Asia Pacific stocks have remained near one-month lows, mostly down on early Wednesday. Implications of faster inflation still beset investors with worries, including the continuous surge in commodities.
The stock market now awaits U.S. inflation data for April, the Consumer Price Index (CPI), as well as U.S. government debt sales due later in the day. They are also looking to a possibility that these could trigger another bond selloff.
With the lockdowns in 2020 expected to increase the year-on-year figure, the data should show that inflation accelerated in April.
Moreover, the debate on whether the U.S. Federal Reserve will tighten its current dovish policy sooner continues.
According to a slew of Fed officials, the U.S. economic recovery is on the right track. However, it is still far enough. They said that it is still too early to pull back the monetary support currently in place.

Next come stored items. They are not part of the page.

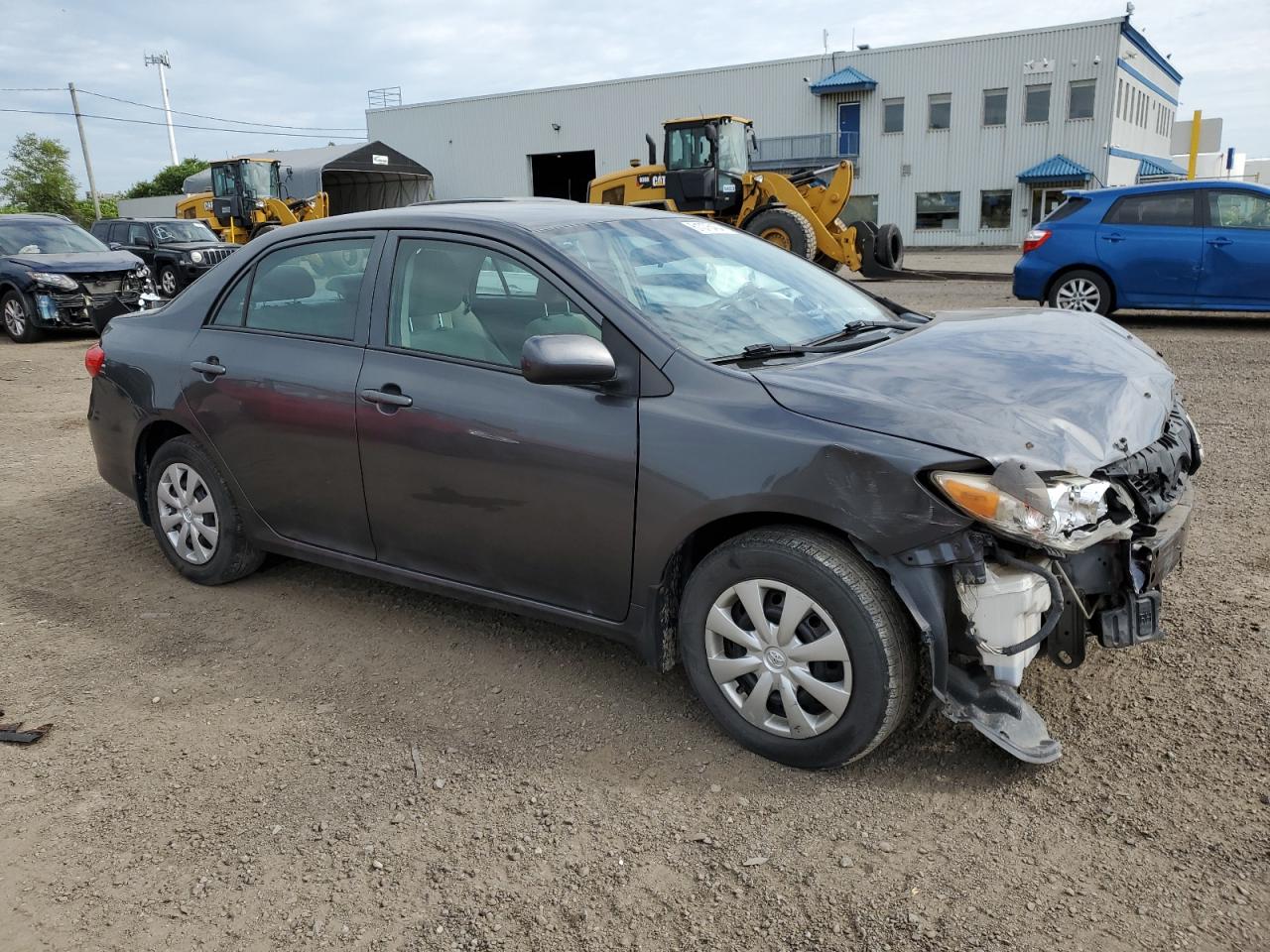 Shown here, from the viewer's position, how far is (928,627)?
2678mm

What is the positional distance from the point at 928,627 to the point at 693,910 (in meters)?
0.96

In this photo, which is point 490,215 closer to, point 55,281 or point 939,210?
point 55,281

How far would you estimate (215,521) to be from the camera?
14.5 ft

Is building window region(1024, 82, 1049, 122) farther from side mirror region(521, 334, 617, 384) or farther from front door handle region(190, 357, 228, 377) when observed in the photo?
side mirror region(521, 334, 617, 384)

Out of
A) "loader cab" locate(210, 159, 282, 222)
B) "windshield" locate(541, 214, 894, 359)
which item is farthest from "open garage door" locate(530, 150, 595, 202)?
"windshield" locate(541, 214, 894, 359)

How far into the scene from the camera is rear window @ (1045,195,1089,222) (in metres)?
11.1

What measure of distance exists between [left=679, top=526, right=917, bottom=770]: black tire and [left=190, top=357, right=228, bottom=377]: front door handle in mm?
2395

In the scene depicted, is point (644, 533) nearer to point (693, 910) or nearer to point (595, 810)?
point (595, 810)

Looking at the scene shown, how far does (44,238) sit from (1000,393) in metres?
15.9

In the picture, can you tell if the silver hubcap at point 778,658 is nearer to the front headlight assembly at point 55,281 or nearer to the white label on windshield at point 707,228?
the white label on windshield at point 707,228

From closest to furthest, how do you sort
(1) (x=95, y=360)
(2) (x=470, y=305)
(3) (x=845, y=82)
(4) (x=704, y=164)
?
(2) (x=470, y=305)
(1) (x=95, y=360)
(4) (x=704, y=164)
(3) (x=845, y=82)

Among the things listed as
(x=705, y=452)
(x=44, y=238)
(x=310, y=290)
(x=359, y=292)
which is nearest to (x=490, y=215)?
(x=359, y=292)

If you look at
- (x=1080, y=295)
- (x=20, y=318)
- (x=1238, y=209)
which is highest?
(x=1238, y=209)

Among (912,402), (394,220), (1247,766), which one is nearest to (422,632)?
(394,220) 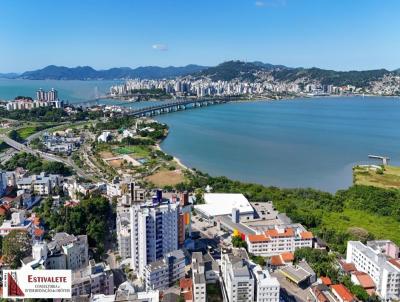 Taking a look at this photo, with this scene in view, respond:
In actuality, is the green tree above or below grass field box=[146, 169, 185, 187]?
above

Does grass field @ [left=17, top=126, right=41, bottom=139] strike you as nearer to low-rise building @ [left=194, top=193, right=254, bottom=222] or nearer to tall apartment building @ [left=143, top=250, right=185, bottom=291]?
low-rise building @ [left=194, top=193, right=254, bottom=222]

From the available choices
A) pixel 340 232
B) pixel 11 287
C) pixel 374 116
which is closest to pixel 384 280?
pixel 340 232

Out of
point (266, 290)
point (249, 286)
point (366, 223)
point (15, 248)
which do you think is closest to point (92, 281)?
point (15, 248)

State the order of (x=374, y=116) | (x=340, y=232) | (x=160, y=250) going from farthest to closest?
(x=374, y=116) < (x=340, y=232) < (x=160, y=250)

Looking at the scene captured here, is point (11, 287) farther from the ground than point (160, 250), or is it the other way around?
point (11, 287)

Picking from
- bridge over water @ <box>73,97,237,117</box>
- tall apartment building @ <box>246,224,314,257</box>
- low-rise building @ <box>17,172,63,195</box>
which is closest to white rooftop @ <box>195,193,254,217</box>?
tall apartment building @ <box>246,224,314,257</box>

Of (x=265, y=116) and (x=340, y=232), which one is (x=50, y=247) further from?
(x=265, y=116) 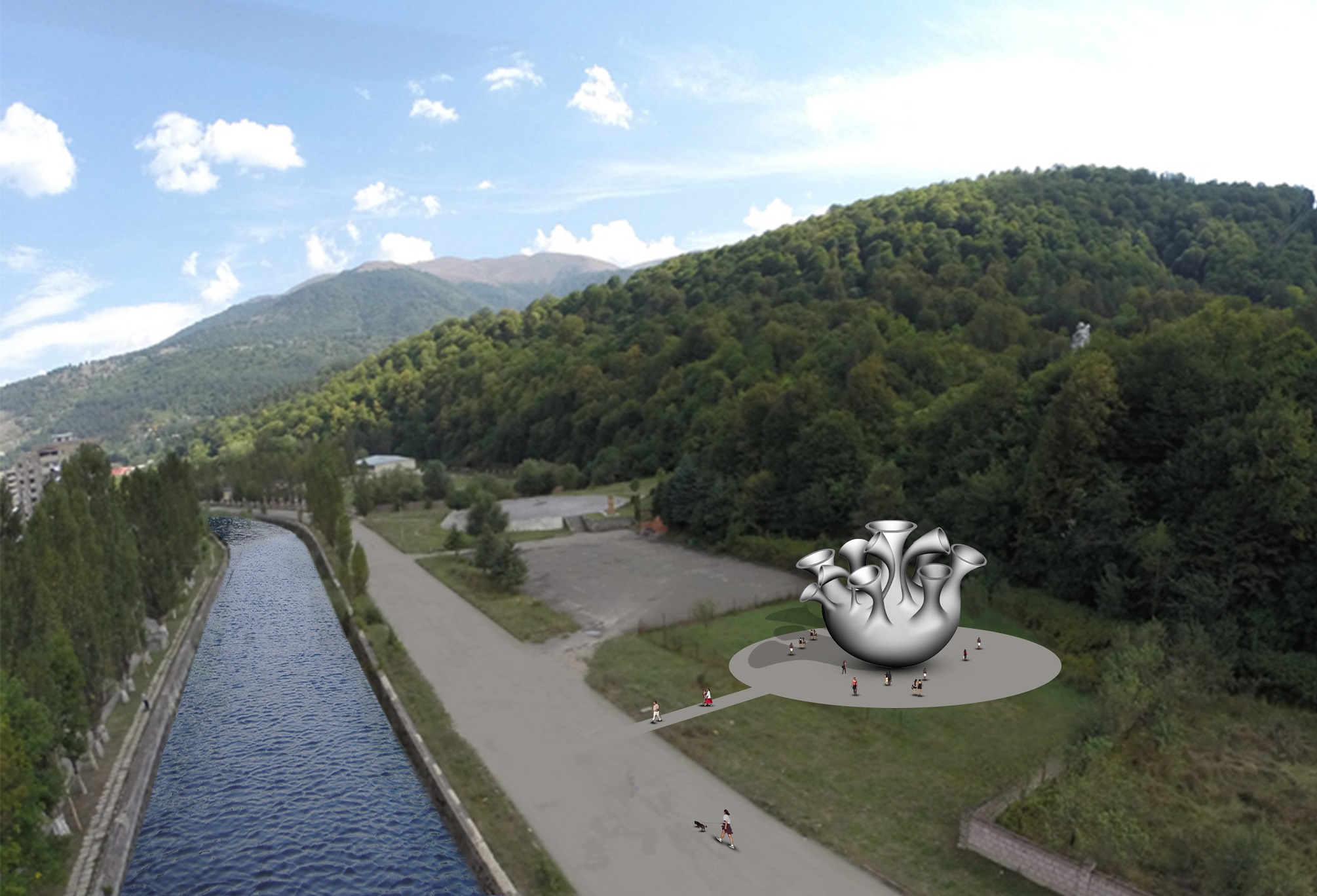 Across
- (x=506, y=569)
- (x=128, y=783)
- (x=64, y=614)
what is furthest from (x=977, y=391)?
(x=64, y=614)

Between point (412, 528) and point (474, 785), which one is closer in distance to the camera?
point (474, 785)

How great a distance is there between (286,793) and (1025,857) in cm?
1923

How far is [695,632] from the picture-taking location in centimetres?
3325

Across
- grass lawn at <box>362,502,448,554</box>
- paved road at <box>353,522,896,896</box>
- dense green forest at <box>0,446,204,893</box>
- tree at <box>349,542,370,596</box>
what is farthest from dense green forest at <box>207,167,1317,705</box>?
dense green forest at <box>0,446,204,893</box>

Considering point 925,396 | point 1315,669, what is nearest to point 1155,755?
point 1315,669

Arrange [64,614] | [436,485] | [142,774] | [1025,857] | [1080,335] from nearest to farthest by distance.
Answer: [1025,857]
[142,774]
[64,614]
[1080,335]
[436,485]

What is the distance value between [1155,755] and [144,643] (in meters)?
34.6

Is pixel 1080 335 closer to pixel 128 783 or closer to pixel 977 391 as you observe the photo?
pixel 977 391

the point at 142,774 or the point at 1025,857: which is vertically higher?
the point at 142,774

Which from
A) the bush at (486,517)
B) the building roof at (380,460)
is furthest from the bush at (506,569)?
the building roof at (380,460)

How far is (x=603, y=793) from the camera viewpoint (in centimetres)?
Result: 1994

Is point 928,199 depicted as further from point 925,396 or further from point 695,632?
point 695,632

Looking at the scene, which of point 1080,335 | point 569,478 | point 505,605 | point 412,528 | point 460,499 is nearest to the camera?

TD Securities global head of rates strategy Priya Misra said that it’s all about inflation expectations. Suppose the CPI indicates that inflation is likely to be higher for a while. In that case, taper discussion will come back into the forefront. And then they can get a bigger interest rate move, she added.
Elsewhere, Bank of England Governor Andrew Bailey is due to speak later in the day.
On the surging commodity prices, copper is trading near record levels. However, China’s Dalian Commodity Exchange raised trading limits. The Exchange has put margin requirements on Tuesday.
Moreover, as attempts to temper prices continue, the Exchange also pledged to strengthen market supervision.
Stocks on The Move
By 10:36 PM ET (2:36 AM GMT), Japan’s Nikkei 225 and South Korea’s KOSPI fell 0.72% and 1.02%, respectively.
Australia’s ASX 200 slid 0.71%, and its 10-year bond rose after the government handed down a big-spending budget. That was further to boost the country’s economic recovery from the pandemic.
In Hong Kong, the Hang Seng Index gained 0.28%.
China’s Shanghai Composite added 0.23% while the Shenzhen Component lost 0.15%.
The reason behind the most recent decline in global stocks has been confusing to some investors.
XM investment analyst Marios Hadjikyriacos said that there isn’t a clear catalyst behind the purge. He said it seems to be a combination of inflation fears making a comeback and some market participants moving higher along the value spectrum. This is cutting their exposure to anything with a stretched valuation, the analyst added.